> Assignment
Please return all records verbatim, no pictures.

Image-text web data
--------------------------------------------------

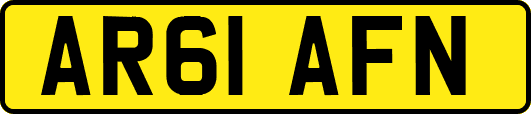 AR61AFN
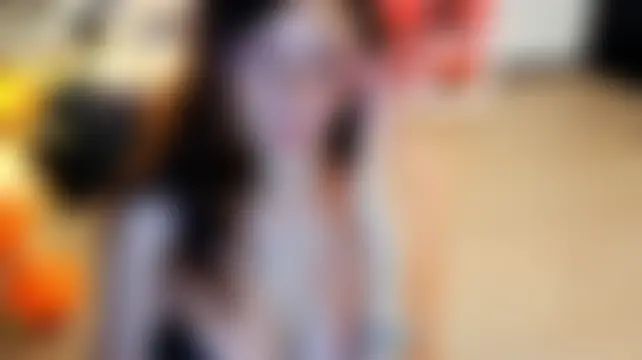 CaringSophie's Live Webcam Chat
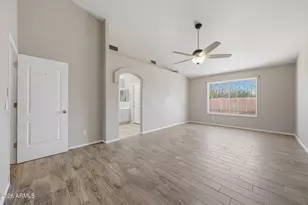 16011 N 35th Dr, Phoenix, AZ 85053 - Photo 29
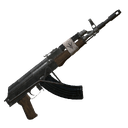 Iqsbasiczz-ZEALOT_TANTALIZER icon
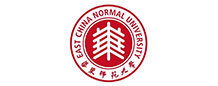 华东师范大学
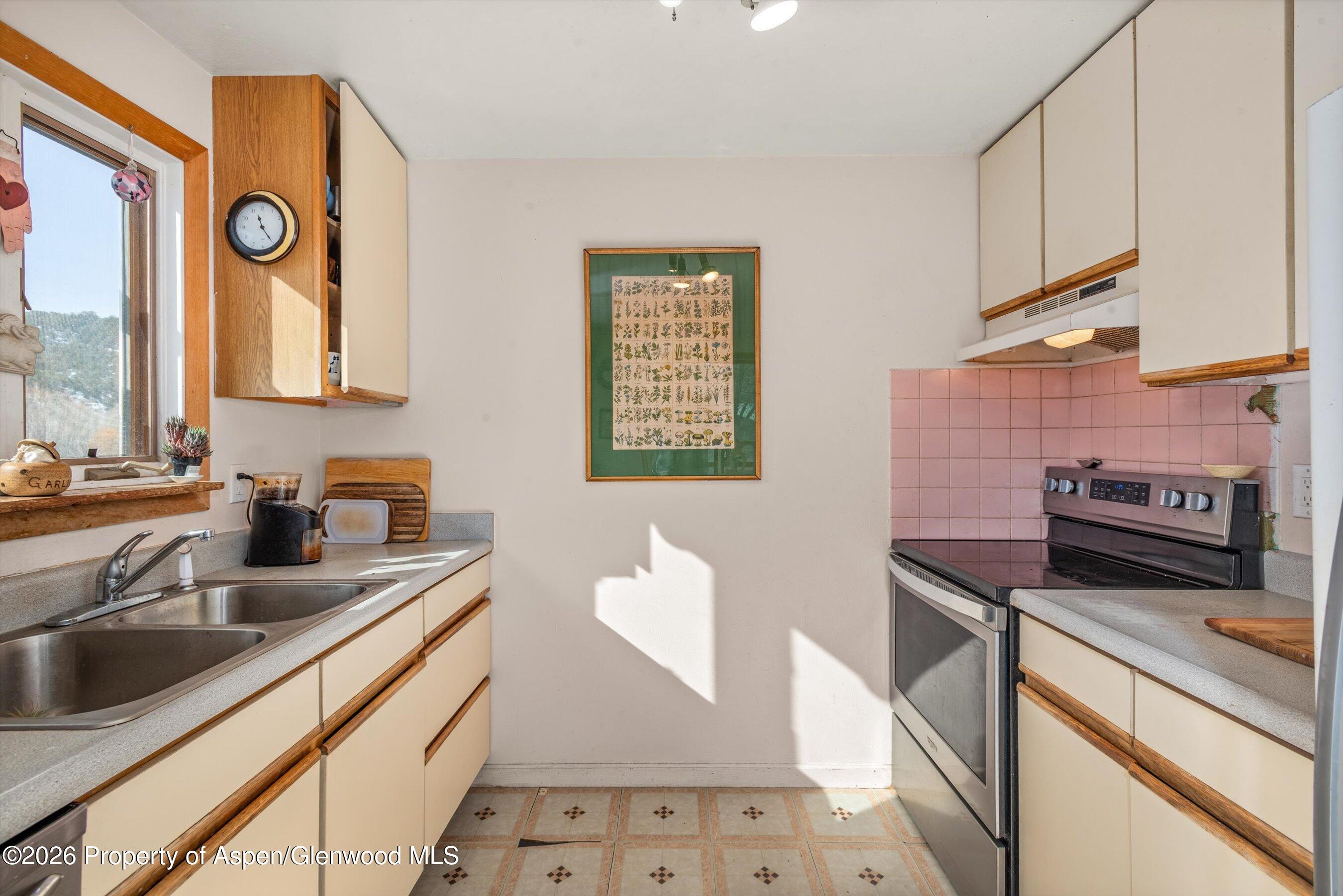 17317 Highway 82 Carbondale CO 81623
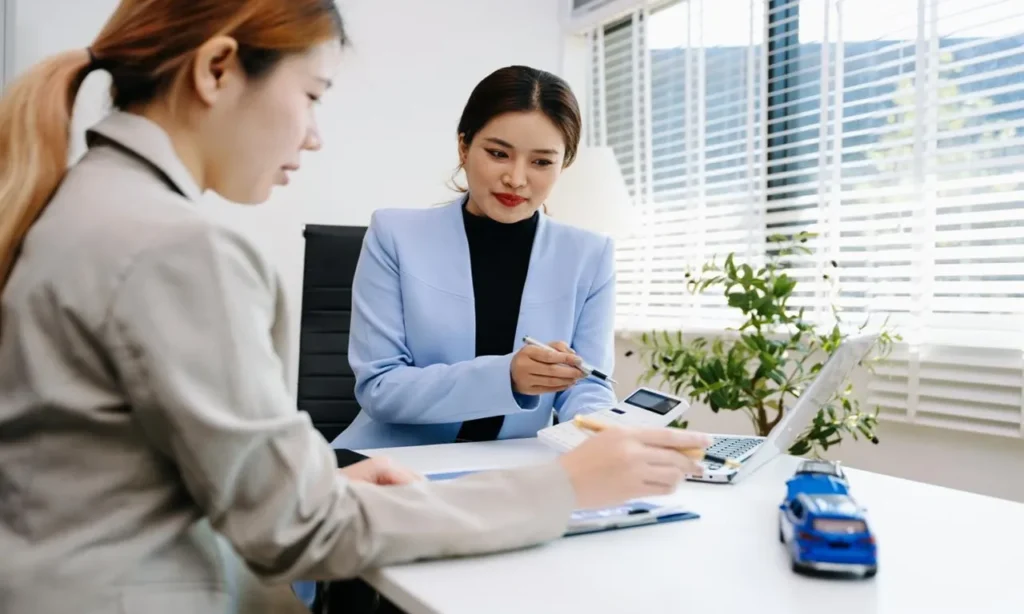 High-risk auto insurance providers offering affordable coverage for drivers with accidents, violations, SR-22 requirements, and specialized insurance needs.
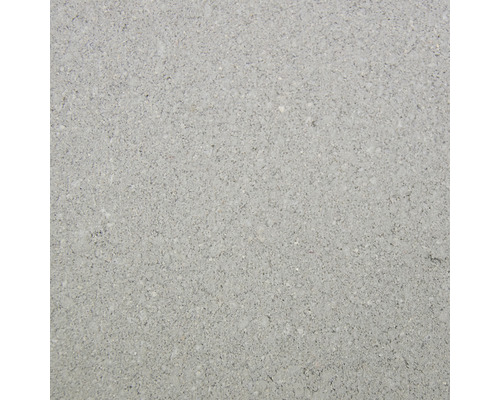 Detail šedého betonového povrchu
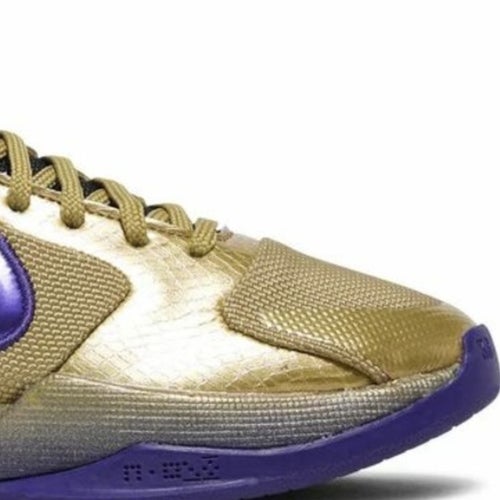 01 Kobe 08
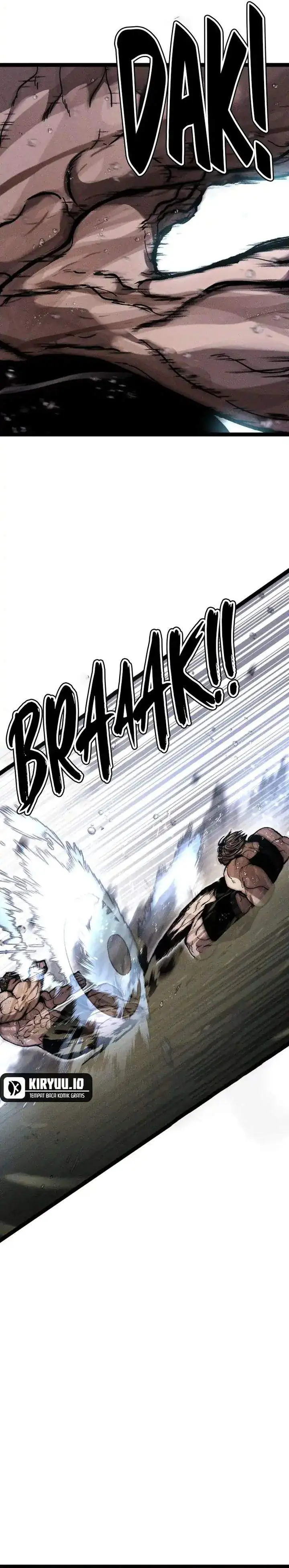 image-komik-fantasy-induction-center-chapter-14-38/82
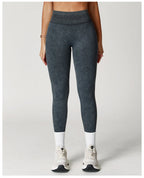Le legging QUEEN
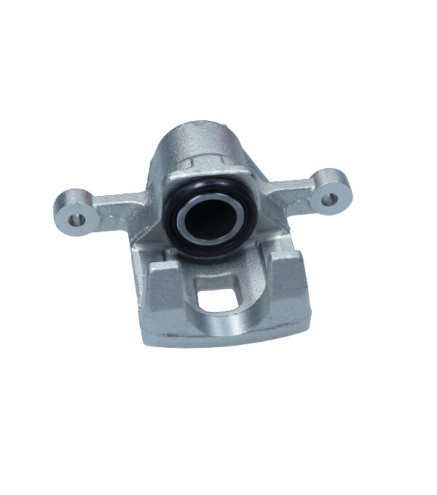 ZACISK HAM. HYUNDAI T. MATRIX/SONATA 1,5-2,7 V6 98-10 PR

--------------------------------------------------

> Your response
 AR61AFN
 CaringSophie's Live Webcam Chat
 16011 N 35th Dr, Phoenix, AZ 85053 - Photo 29
 Iqsbasiczz-ZEALOT_TANTALIZER icon
 华东师范大学
 17317 Highway 82 Carbondale CO 81623
 High-risk auto insurance providers offering affordable coverage for drivers with accidents, violations, SR-22 requirements, and specialized insurance needs.
 Detail šedého betonového povrchu
 01 Kobe 08
 image-komik-fantasy-induction-center-chapter-14-38/82
Le legging QUEEN
 ZACISK HAM. HYUNDAI T. MATRIX/SONATA 1,5-2,7 V6 98-10 PR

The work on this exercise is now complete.